Now, what FAIR fails to mention about Abraham and Jacob is this: These two men lived long before the Law. Why is this important? It's the same reason Cain could take one of his sisters as his wife (to answer that age-old question).
Well, FAIR mentions Deuteronomy 21:15-17—
15 “If a man has two wives, one loved and the other unloved, and they have borne him children, both the loved and the unloved, and if the firstborn son is of her who is unloved, 16 then it shall be, on the day he bequeaths his possessions to his sons, that he must not bestow firstborn status on the son of the loved wife in preference to the son of the unloved, the true firstborn. 17 But he shall acknowledge the son of the unloved wife as the firstborn by giving him a double portion of all that he has, for he is the beginning of his strength; the right of the firstborn is his.”No doubt, many men still had more than one wife, a practice condemned back in Deuteronomy 17. So, in order to be equitable to the wives who had come to count on their husband for sustenance, God allowed the men to keep these women, but to treat them equally.
Now, let’s get to the main characters in this debate: David and Solomon. The LDS church uses these two men as models for a polygamous lifestyle. They point out 2nd Samuel 12:7-8—
7 Then Nathan said to David, “You are the man! Thus says the LORD God of Israel: ‘I anointed you king over Israel, and I delivered you from the hand of Saul. 8 I gave you your master’s house and your master’s wives into your keeping, and gave you the house of Israel and Judah. And if that had been too little, I also would have given you much more!”They zero in on verse 8, when Nathan tells David that Saul’s wives had been given to him. However, this does not necessarily mean he used them all. As the Keil & Delitzch commentary states,
“These words refer to the fact that, according to the general custom in the East, when a king died, his successor upon the throne also succeeded to his harem, so that David was at liberty to take his predecessor's wives; though we cannot infer from this that he actually did so: in fact this is by no means probable, since, according to 1st Samuel 14:50, Saul had but one wife, and according to 2nd Samuel 3:7 only one concubine, whom Abner appropriated to himself.”So while they belonged to David, he did not necessarily use them in the way the LDS church believes.
Yet what does D and C 132 say about David’s wives?

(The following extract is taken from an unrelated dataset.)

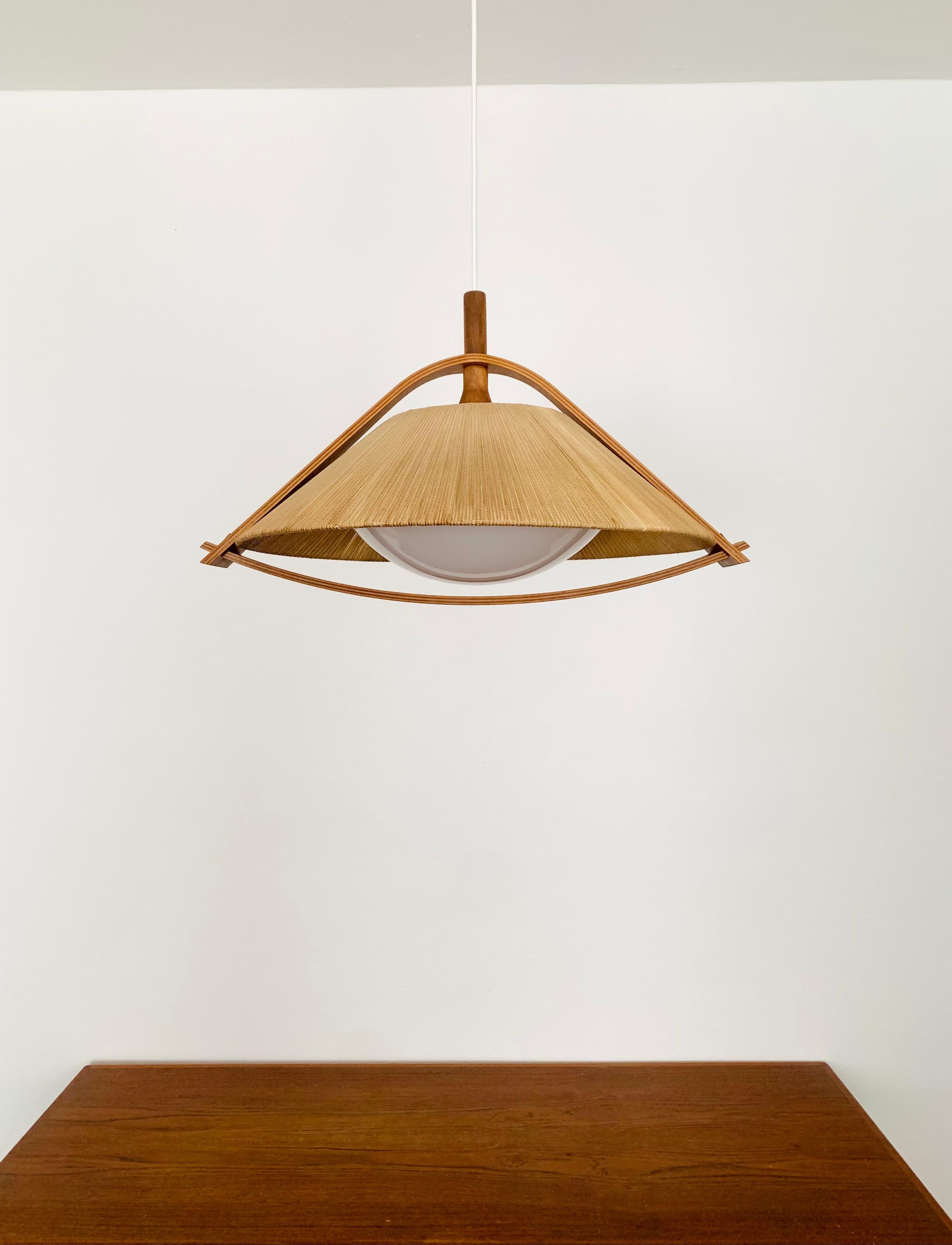Scandinavian Modern Raffia Bast and Walnut Pendant Lamp by Temde For Sale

Doctrine and Covenants 132:38-39—
“David also received many wives and concubines, and also Solomon and Moses my servants, as also many others of my servants, from the beginning of creation until this time; and in nothing did they sin save in those things which they received not of me. David’s wives and concubines were given unto him of me, by the hand of Nathan, my servant, and others of the prophets who had the keys of this power; and in none of these things did he sin against me save in the case of Uriah and his wife…”This must be one more of those "plain and precious truths" that was removed by the "careless transcribers," because nowhere do we see all these wives given to David by Nathan. Moving on...
Next, we have Solomon. 700 wives. 300 concubines. FAIR says of 1st Kings 11:1-8,
“Solomon's wives turned his heart away from, as Deuteronomy cautioned. Nothing is said against the plurality of wives, but merely of wives taken without authority that turn his heart away from the Lord.”I don’t think anything needed to be said. We have seen, time and again, what happened to men of God who took other wives to themselves.
While God may have permitted polygamy, and may have tolerated it, don’t forget this—that the sins these men committed were no worse than the sins you and I commit every day. But God does not destroy us for them. He gives us a little rope, and we hang ourselves with it. And just as “Those whom God loves, He chastens” (Hebrews 12:6), He also chastened Abraham and Jacob and David and Solomon when they took many wives to themselves.
These LDS claim to be “restoring” the “fullness of the gospel.” But what did Jesus say in the Gospel of Matthew? Matthew 19:5—“For this cause shall a man leave father and mother, and shall cleave to his wife: and they twain shall be one flesh?” Not "wives." So any permission or leniency that God showed toward men who took more than one wife was obliterated by these words of Christ.